▼
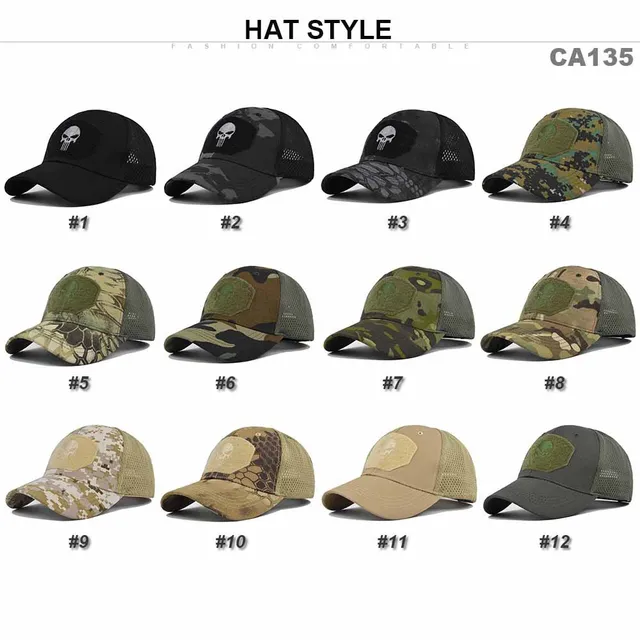 Tactical Military Baseball Caps Multicolor Camouflage Breathable Sun Visor Mesh Outdoor Hunting Hiking Skeleton Snapback Hat 2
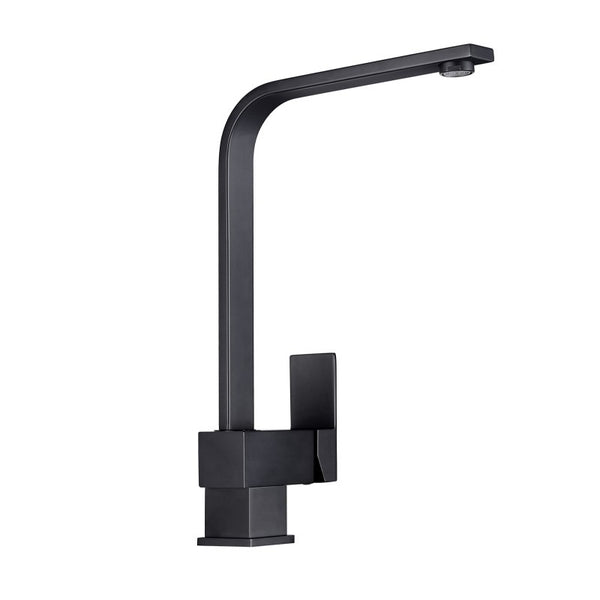 Aquaperla Quadra Electroplated Black Kitchen Sink Mixer Tap 360° Swivel Solid Brass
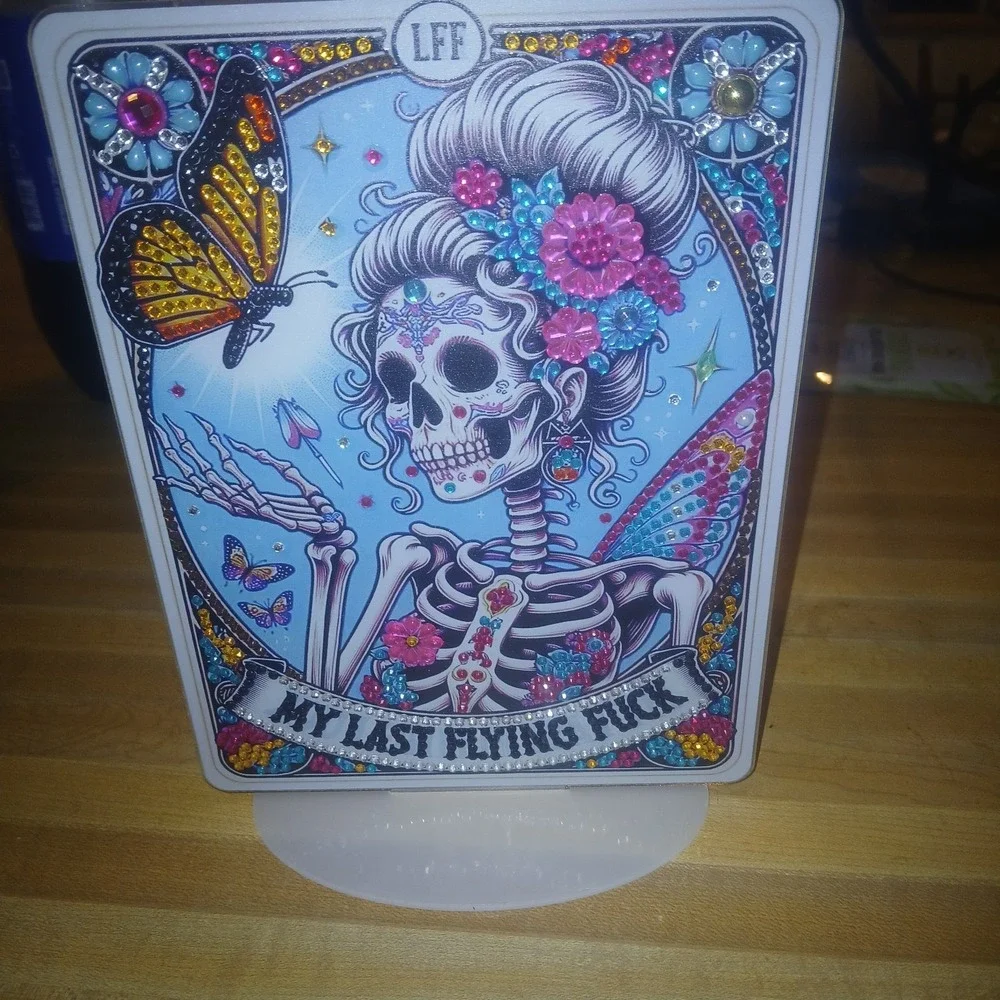 Finished 5d Diamond Art Plac With Rhinstines And‎ Stand & Leftover Kit Included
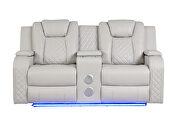 Ice faux leather upholstery power reclining loveseat by Galaxy additional picture 2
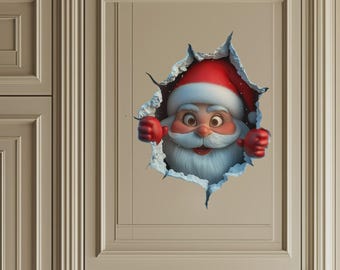 3D Stereo Santa Claus Break-Through Wall Decal Vinyl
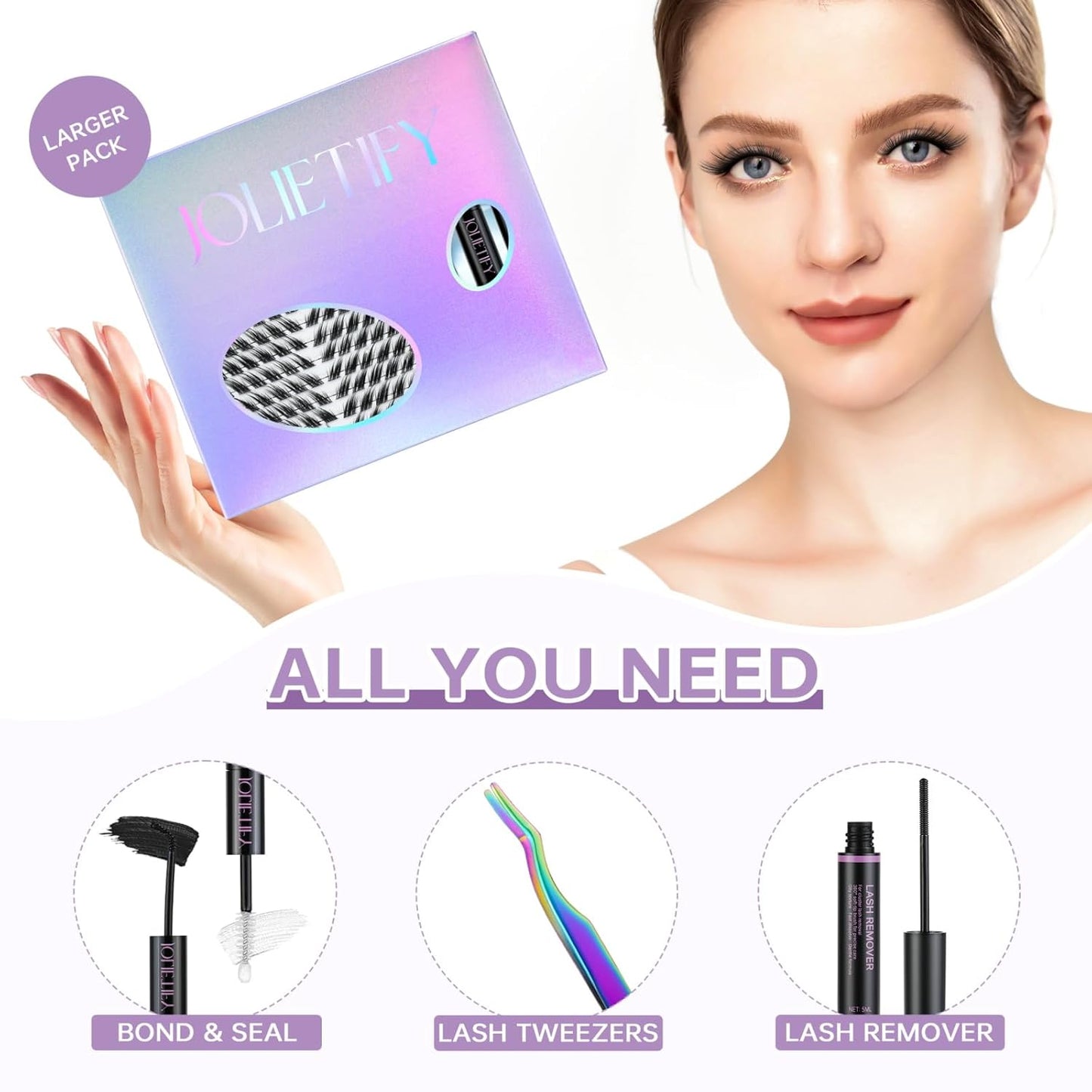 Lash Extension Kit - Foxy Layered Faux Mink Clusters | Lightweight, Waterproof Bond & Seal, Tweezers Included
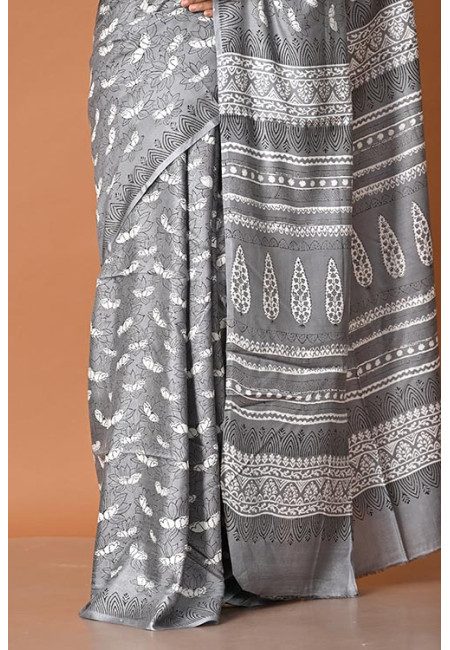 Grey Color Printed Soft Modal Silk Saree (She Saree 2005)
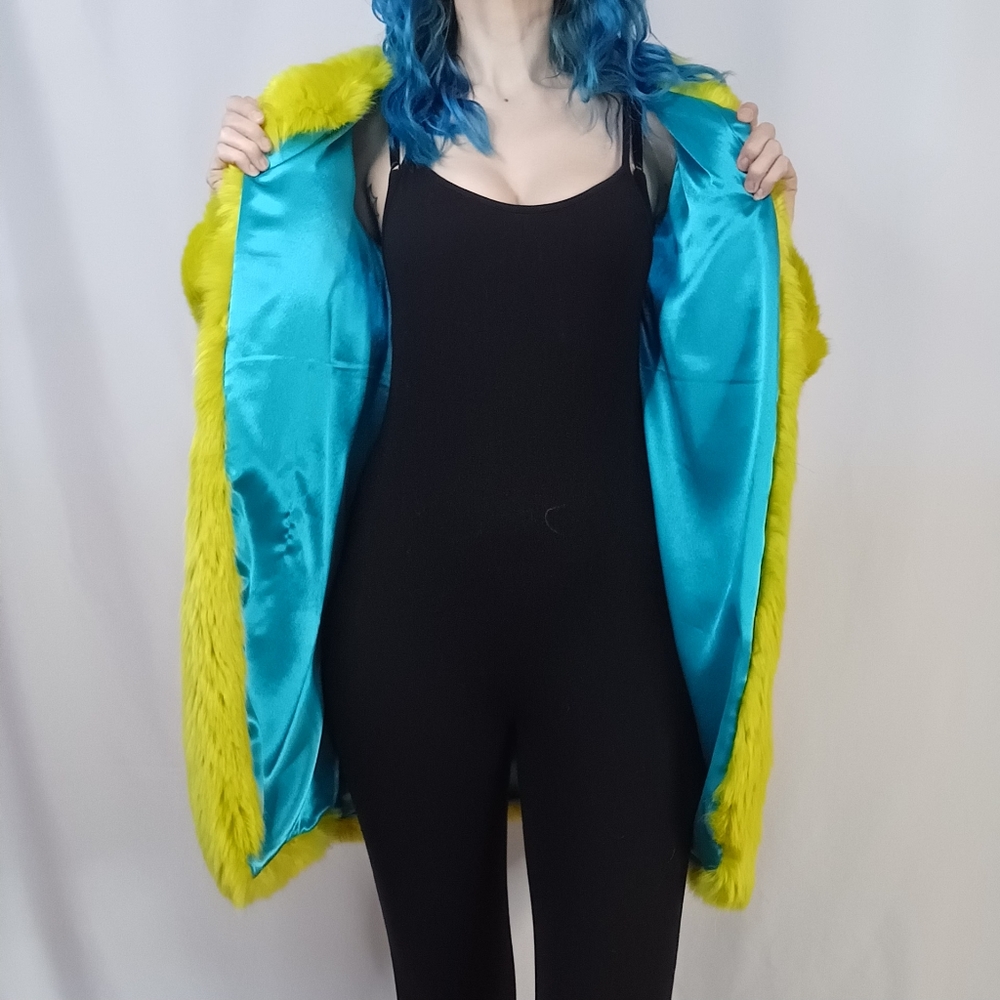Chartreuse Faux Fur Coat with Teal Satin Lining. - Picture 5 of 8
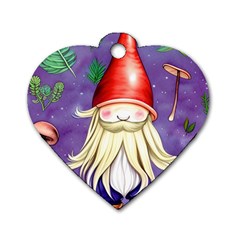 Sacred Mushroom Dog Tag Heart (two Sides) by GardenOfOphir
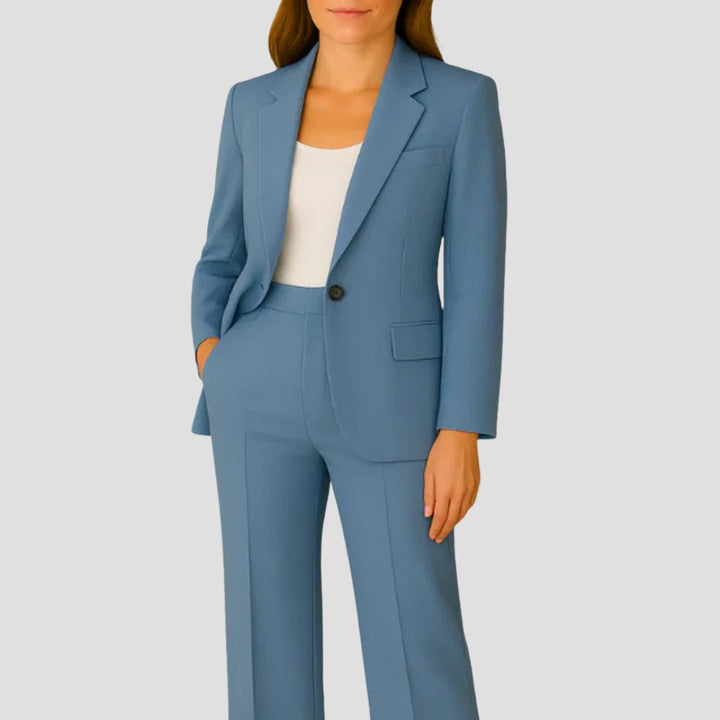 Two-piece women's elegant suit: a tailored blazer and wide leg pants, ideal for office fashion & formal occasions.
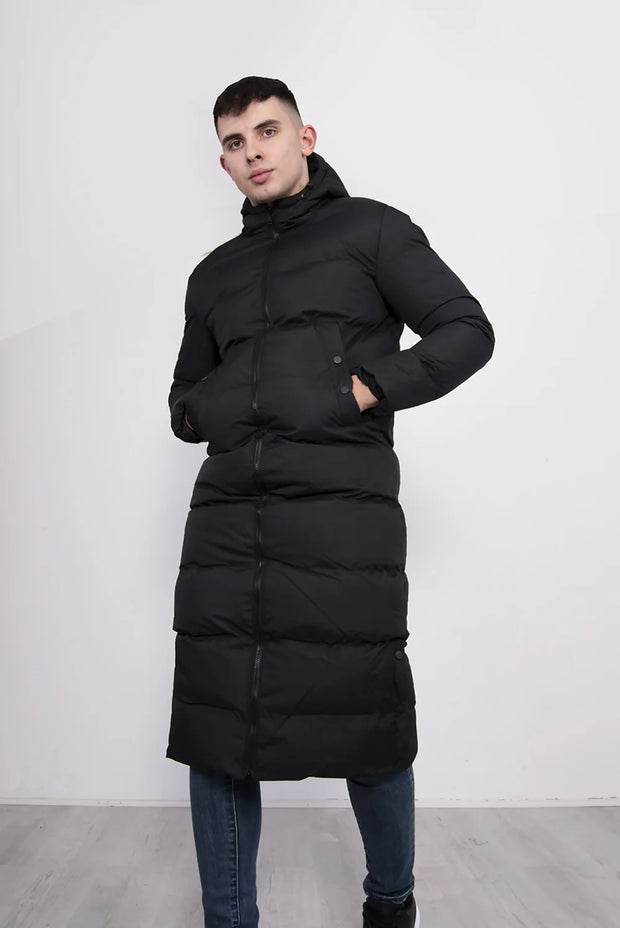 Mens Black Padded Longline Parka Coat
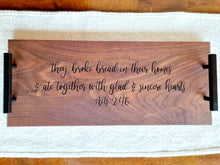 Load image into Gallery viewer, Walnut Hardwood Charcuterie Tray - Acts 2:46
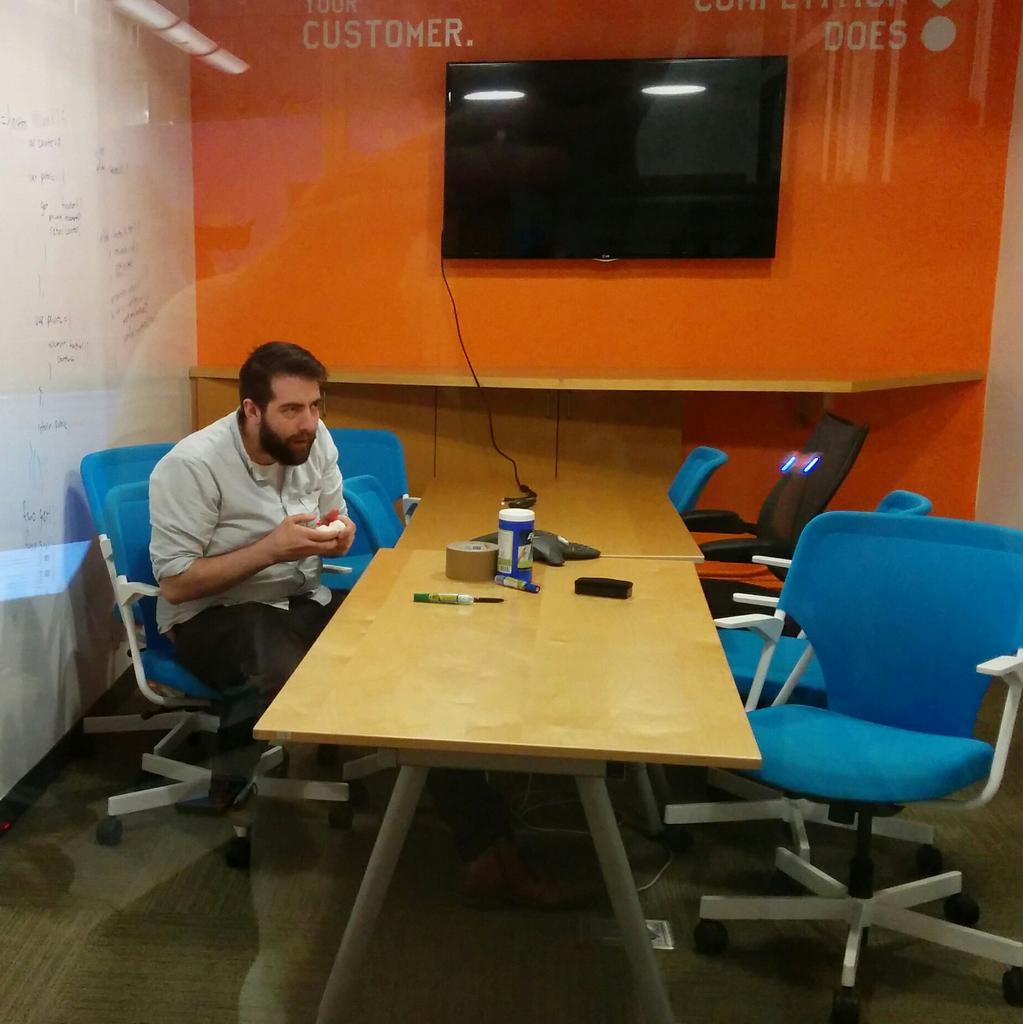 nomidevelopers's tweet photo. .@MaxPRafferty confines his drone chaos to the meeting room. Drone courtesy of @jsjohnst http://t.co/LV8BF4Voj6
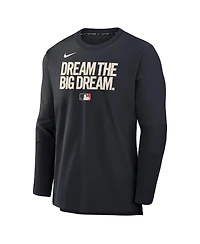 Nike Men's Black Texas Rangers Authentic Collection City Connect Lightweight Player Tri-Blend Performance Long Sleeve T-Shirt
▲
• [Exercise]:
An exact printout of the entries is wanted, covering the first line through the line holding "Finished 5d Diamond", with pictures kept out of it.

• [Your response]:
 Tactical Military Baseball Caps Multicolor Camouflage Breathable Sun Visor Mesh Outdoor Hunting Hiking Skeleton Snapback Hat 2
 Aquaperla Quadra Electroplated Black Kitchen Sink Mixer Tap 360° Swivel Solid Brass
 Finished 5d Diamond Art Plac With Rhinstines And‎ Stand & Leftover Kit Included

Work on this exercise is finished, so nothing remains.